大東水害訴訟最高裁判決の理論では事実的因果関係が立証できない(鬼怒川大水害)その2

2019-10-03

●賠償責任が成立するには営造物の瑕疵と損害発生との間に因果関係が必要だ

他方、営造物の瑕疵と損害発生との間の事実的因果関係は、営造物責任の成立要件のはずです。

なぜなら、国家賠償法第2条第1項には、「瑕疵があつたために他人に損害を生じたときは」と書いてあるからです。

大浜は前掲書p445において、国家賠償法第1条(公権力の行使に基づく賠償責任)における因果関係について次のように説明します。

国家賠償責任が成立するためには、加害行為と損害発生との間に因果関係(Aという原因がなければ、Bという結果は生じなかったという因果律)がなければならない(これを「事実的因果関係」という)。事実的因果関係を前提にして、損害賠償の範囲を定めることが相当因果関係の概念であるとされてきた。

ところが、大浜は、「営造物の設置管理にかかる賠償責任」(国家賠償法第2条関係)の解説(p450〜)の中では、営造物の瑕疵と損害発生との間の因果関係について、なぜか言及がありません。
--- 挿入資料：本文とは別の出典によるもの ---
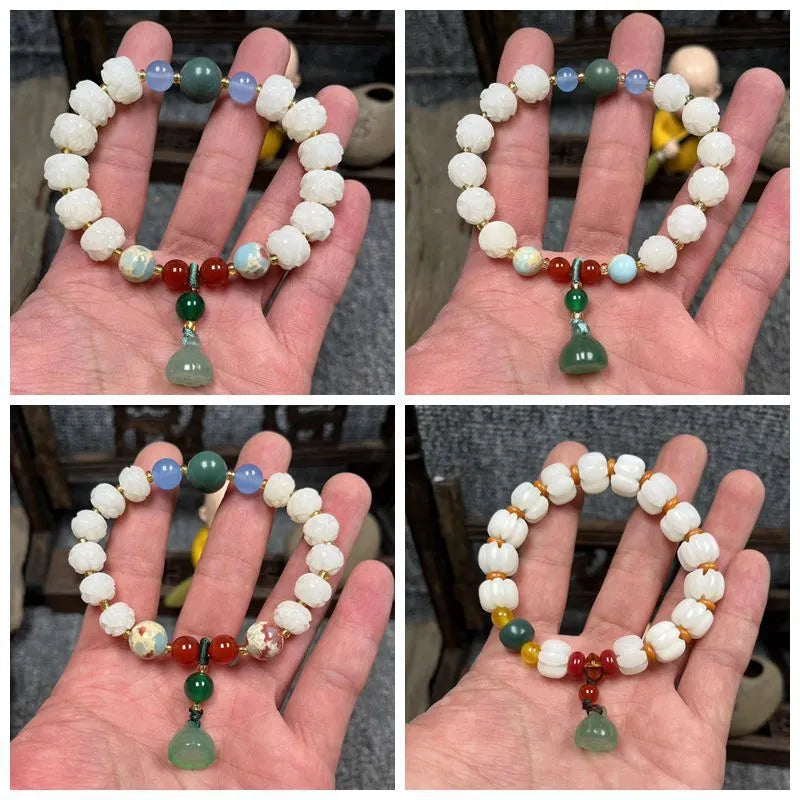 Carved Bodhi root bracelet with white jade, lotus, and pumpkin beads in various sizes.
結論から言えば、瑕疵判断の対象を「改修計画の格別不合理性」(大浜は「改修計画の内容が著しく不合理な場合」(前掲書p473)と表現する。)であるとした場合には、以下のとおり、事実的因果関係の立証が不可能になることに気づいているかのようです。

●事実的因果関係の有無はどうやって判断するか

上記の「事実的因果関係」は「自然的因果関係」とも呼ばれていますが、責任を負わせることが妥当か、という観点からの評価なので、法的な概念であると言われています。

論理学を勉強したことはありませんが、常識的に考えて、「あれがあったからこれがあった」という因果を証明するためには、その裏命題である「あれなければこれなし」と言える必要があります。

諫早湾干拓事業問題で言えば、「潮受け堤防の閉鎖以来、漁業被害がどんどん酷くなっており、その原因は諫早湾の干潟が失われたためである。」(Wikipediaから)という主張が正しいと言えるためには、「潮受け堤防を開門して干潟を取り戻せば、魚介類が増える」という裏命題が正しいことを証明する必要があります。(この裏命題の論証をさせないために、国は何としても長期開門試験をさせないように画策しています。)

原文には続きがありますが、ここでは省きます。